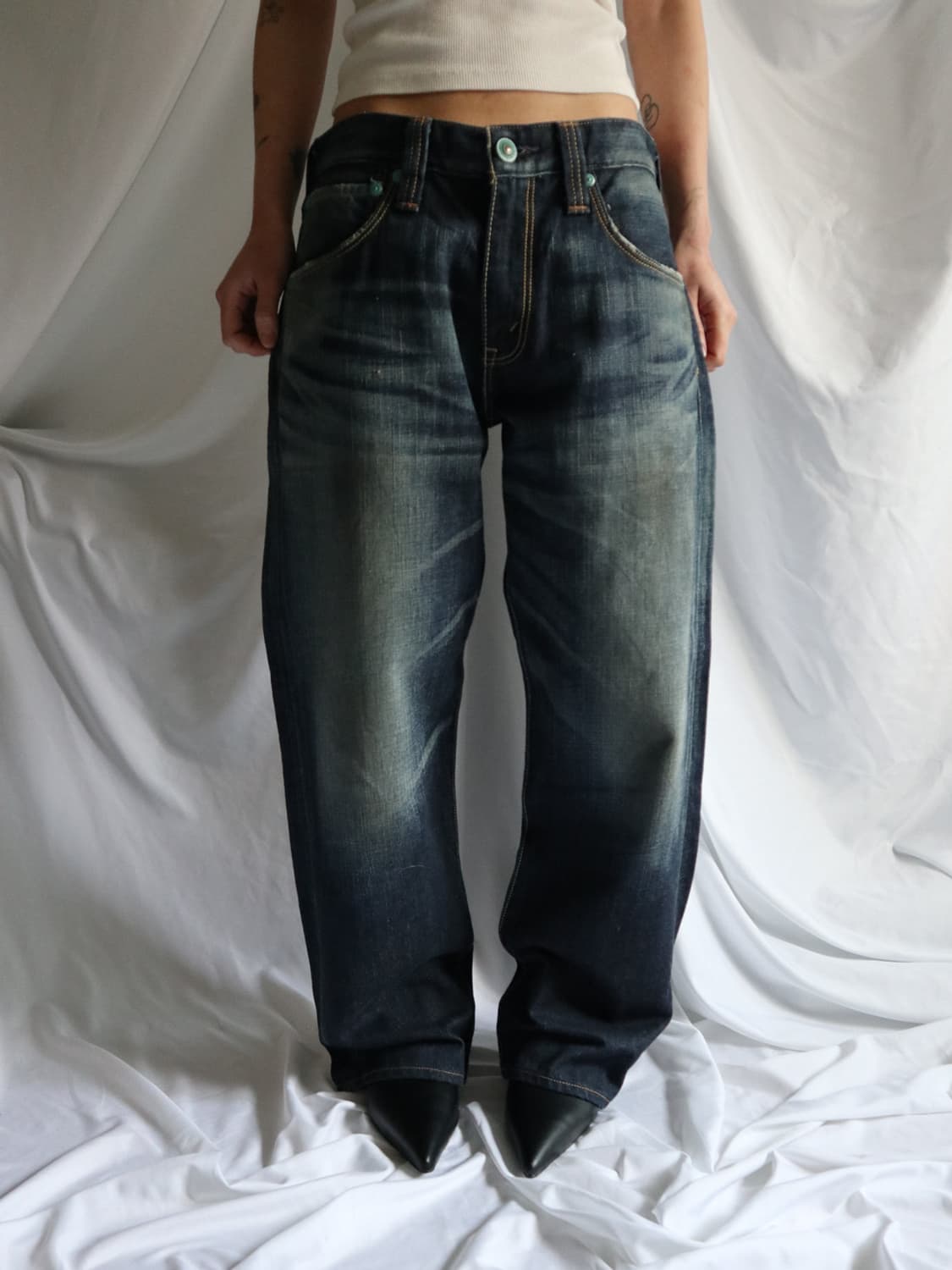 Levi's 503 빈티지 데님 상품이미지2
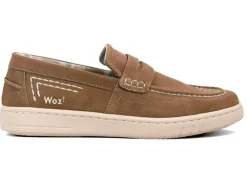 Woz? Kävelykengät*loaferit Daniel Suede Dust DST-Dust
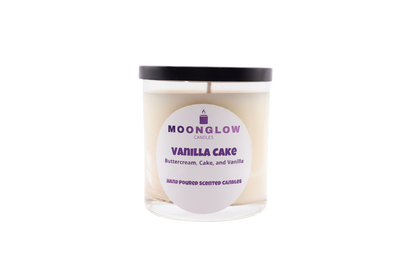 Vanilla Cake Candle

---

Assignment: In your copy of the listing above, every line must match exactly and no picture may appear.

Response box:
 Levi's 503 빈티지 데님 상품이미지2
 Woz? Kävelykengät*loaferit Daniel Suede Dust DST-Dust
 Vanilla Cake Candle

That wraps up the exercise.